- _Your goal_: Reproduce the listing exactly. Omit pictures.
****
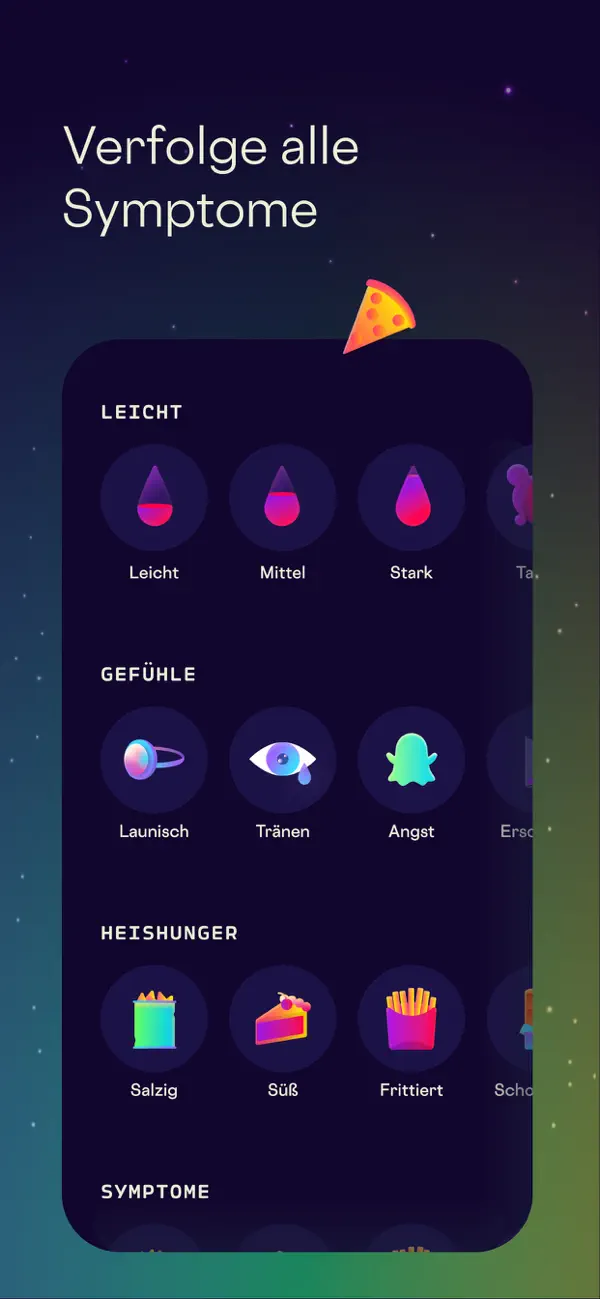 Stardust Period Tracker iPhone App Screenshot 3 – Gesundheit & Fitness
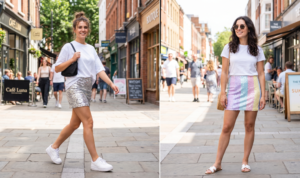 A striking 16:9 vertical split-screen photograph capturing two distinct women effortlessly styling sequin mini skirts for daytime in a bright urban environment in Summer 2026. The left panel shows a confident young woman with a messy bun and large silver hoop earrings, actively walking forward on a paved sidewalk. She wears a shimmering silver sequin mini skirt paired with a loose-fitting white crewneck tee, white chunky platform sneakers, and carries a black leather mini shoulder bag over her right shoulder. She strides with confidence, smiling warmely, with blurred people and shops like 'CAFE LUNA' in the background. The right panel features another young woman with dark wavy hair and a relaxed smile, standing naturally on the same bright street. She wears a multicolored pastel sequin skirt (lavender, blue, pink hues) with a white tee, paired with white flat leather sandals and round tortoiseshell sunglasses perched on her nose. Behind her is the bright, slightly bustling street with blurred people, an outdoor cafe, and buildings under sunlight. Both look natural and casual. The composition has a distinct vertical line.
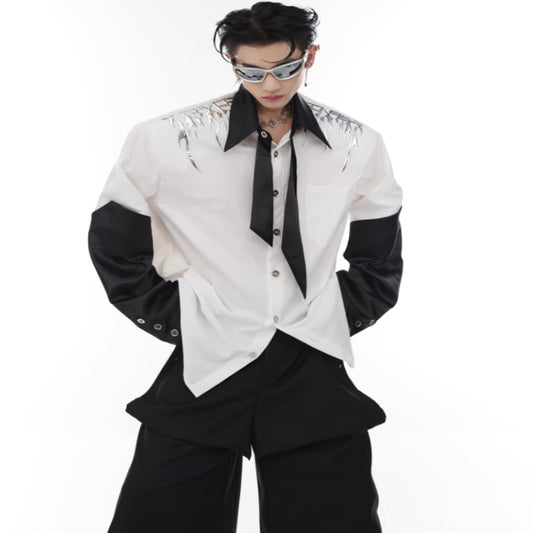Padded Shoulder Shirt Stitching Design Cardigan Jacket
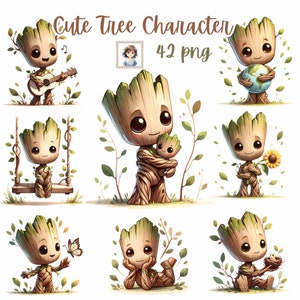 Betoverende boomgeest: 42 aquarel png-illustraties clipart geïnspireerd door groot - commercieel gebruik - HQ transparantie - sublimatie - bestseller
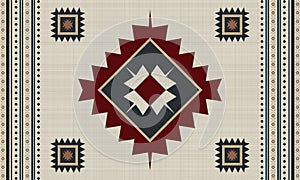 Beautiful ethnic native mexican style rug, Navajo tribal vector seamless pattern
****
- _Solution_:
 Stardust Period Tracker iPhone App Screenshot 3 – Gesundheit & Fitness
 A striking 16:9 vertical split-screen photograph capturing two distinct women effortlessly styling sequin mini skirts for daytime in a bright urban environment in Summer 2026. The left panel shows a confident young woman with a messy bun and large silver hoop earrings, actively walking forward on a paved sidewalk. She wears a shimmering silver sequin mini skirt paired with a loose-fitting white crewneck tee, white chunky platform sneakers, and carries a black leather mini shoulder bag over her right shoulder. She strides with confidence, smiling warmely, with blurred people and shops like 'CAFE LUNA' in the background. The right panel features another young woman with dark wavy hair and a relaxed smile, standing naturally on the same bright street. She wears a multicolored pastel sequin skirt (lavender, blue, pink hues) with a white tee, paired with white flat leather sandals and round tortoiseshell sunglasses perched on her nose. Behind her is the bright, slightly bustling street with blurred people, an outdoor cafe, and buildings under sunlight. Both look natural and casual. The composition has a distinct vertical line.
Padded Shoulder Shirt Stitching Design Cardigan Jacket
 Betoverende boomgeest: 42 aquarel png-illustraties clipart geïnspireerd door groot - commercieel gebruik - HQ transparantie - sublimatie - bestseller
 Beautiful ethnic native mexican style rug, Navajo tribal vector seamless pattern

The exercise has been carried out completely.